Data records
○ ○ ○ ○ ○
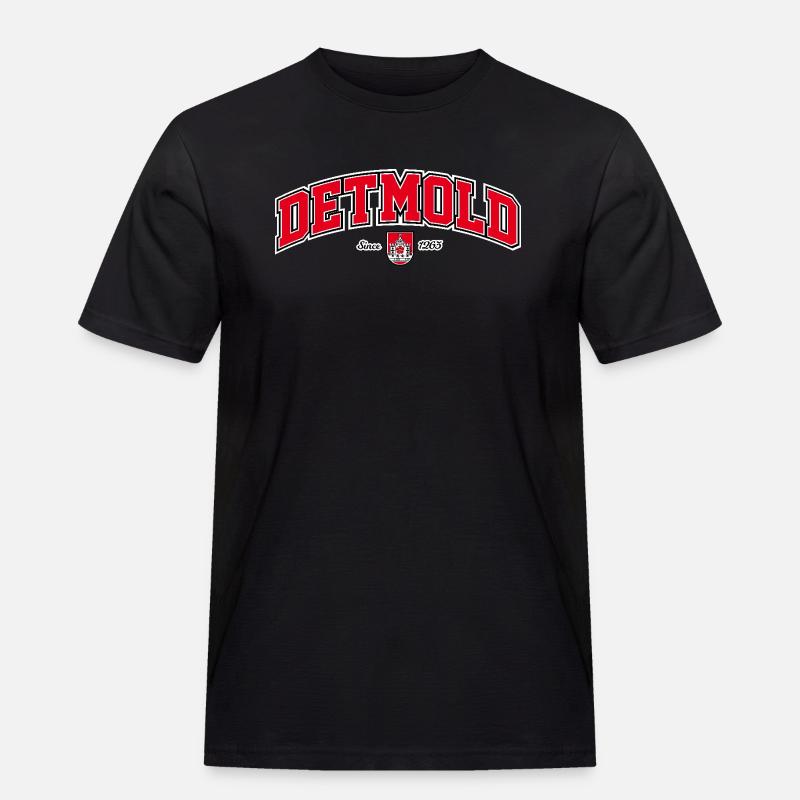 Detmold - Männer Workwear T-Shirt - Schwarz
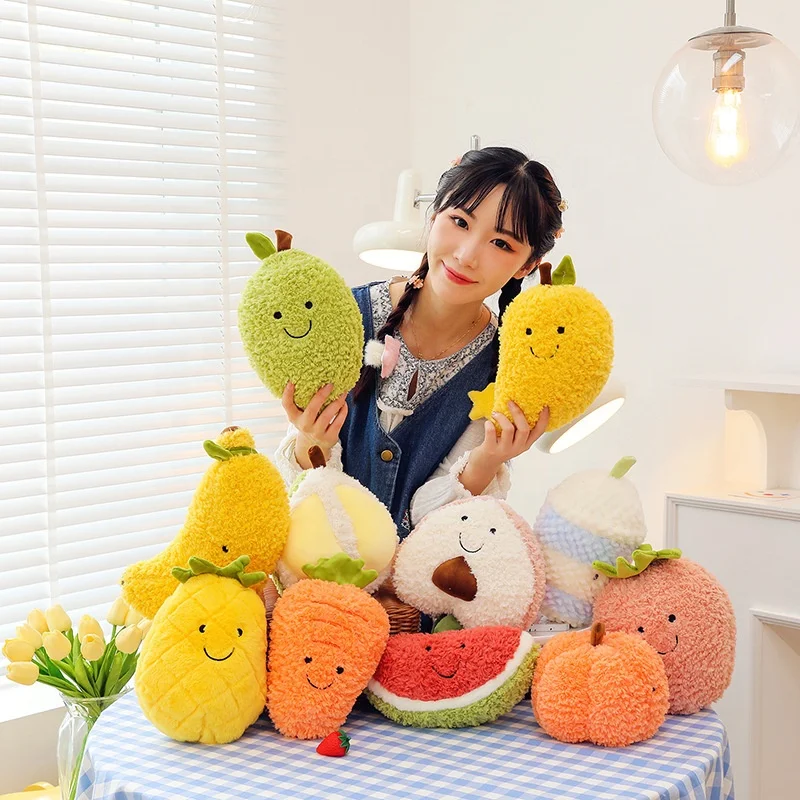 YUWEI New Wholesale Fruit and Vegetable Series Plush Toys Fruit Dolls Plush Toys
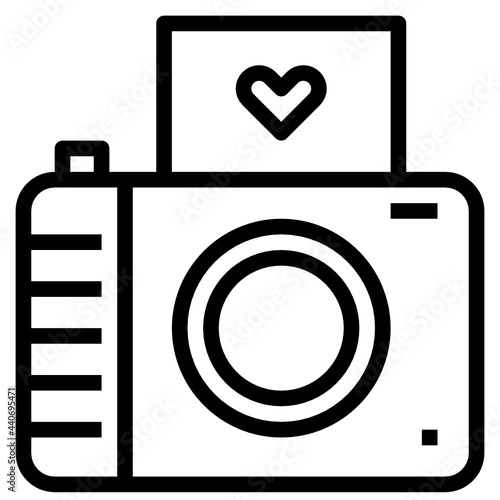 Camera outline icon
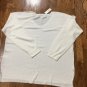 L/S V-Neck Pullover White Sweater XXL NWT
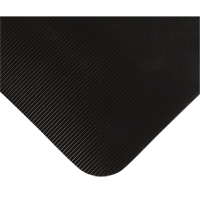 Double Duty Switchboard Mats No.720, Corrugated, 3' x 10' x 5/8", Black, PVC Absolute Business Supply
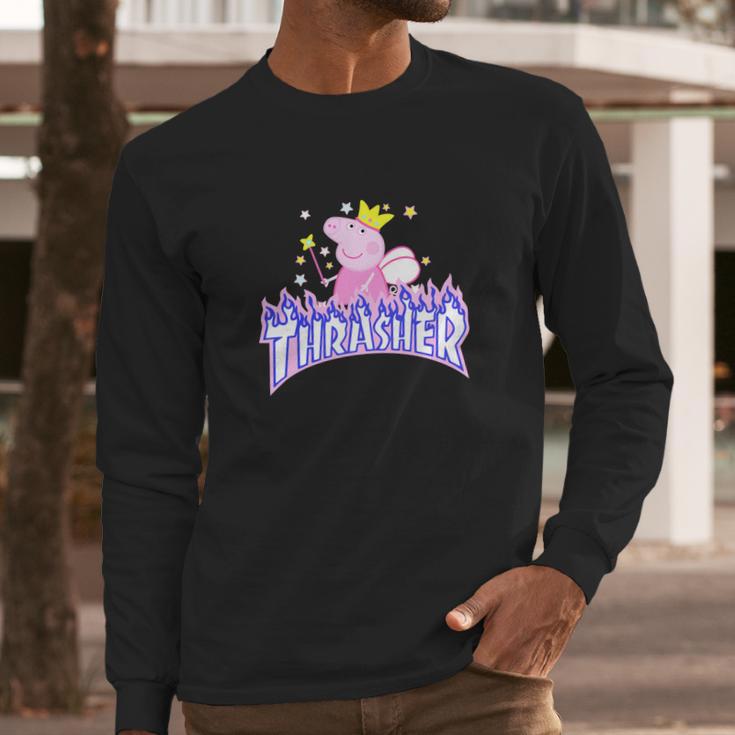 Thrasher Peppa Pig Thrasher Long Sleeve T-Shirt Gifts for Him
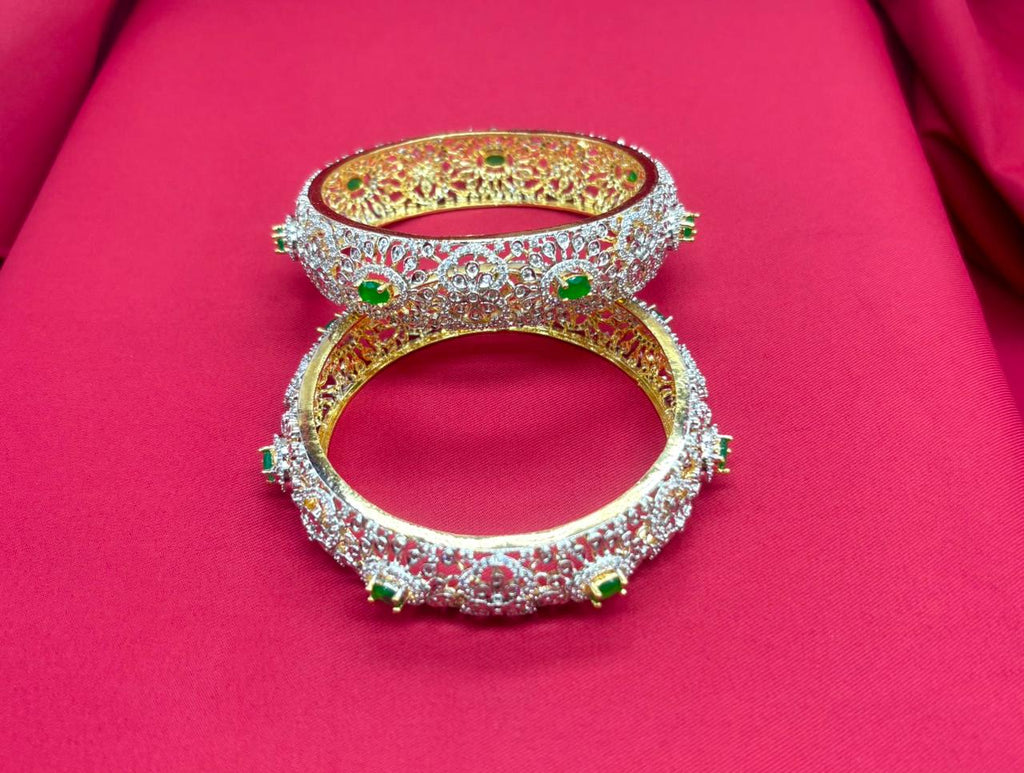 G.J Polishing with Flower Designed  Bangle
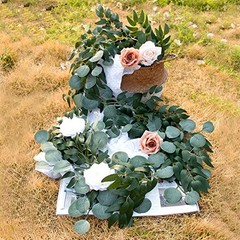 3Pcs Fake Eucalyptus Vines, 6.5FT Silk Ivy Garland, Odorless Eucalyptus Garland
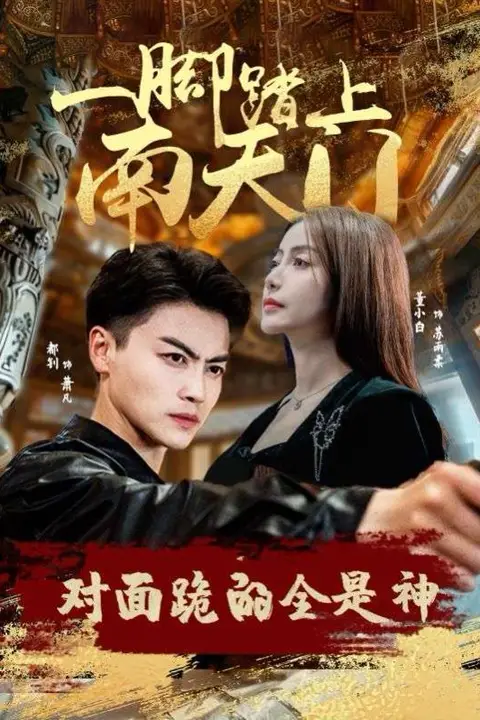 《一脚踏上南天门，对面跪的全是神》封面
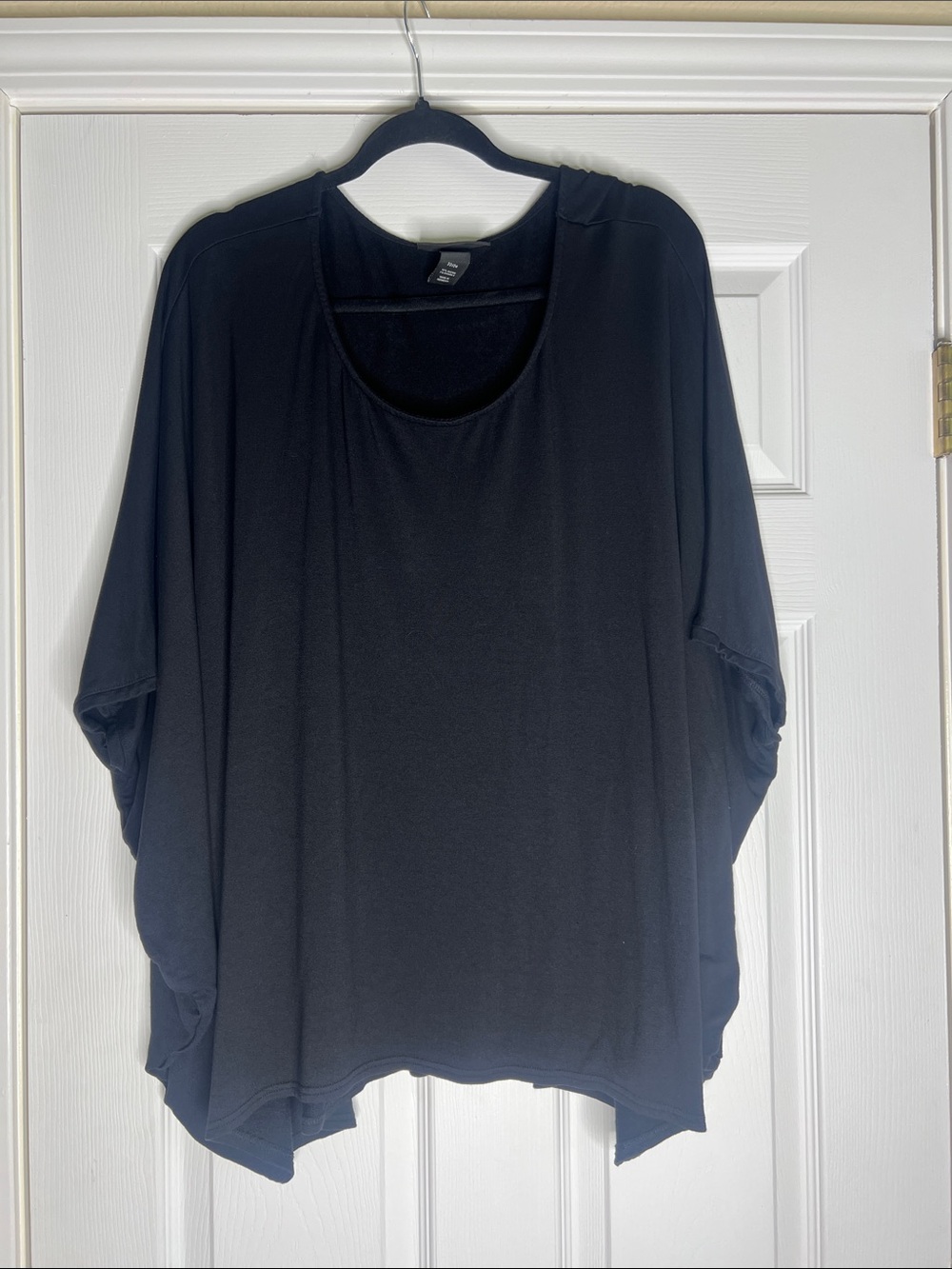 Lane Bryant black oversized blouse..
○ ○ ○ ○ ○
■ Problem
Starting with the line that holds "L/S V-Neck Pullover White Sweater XXL NWT", return each line exactly through the final line of the entries above; pictures are not part of the output.

■ Task result
 L/S V-Neck Pullover White Sweater XXL NWT
 Double Duty Switchboard Mats No.720, Corrugated, 3' x 10' x 5/8", Black, PVC Absolute Business Supply
 Thrasher Peppa Pig Thrasher Long Sleeve T-Shirt Gifts for Him
 G.J Polishing with Flower Designed  Bangle
 3Pcs Fake Eucalyptus Vines, 6.5FT Silk Ivy Garland, Odorless Eucalyptus Garland
 《一脚踏上南天门，对面跪的全是神》封面
 Lane Bryant black oversized blouse..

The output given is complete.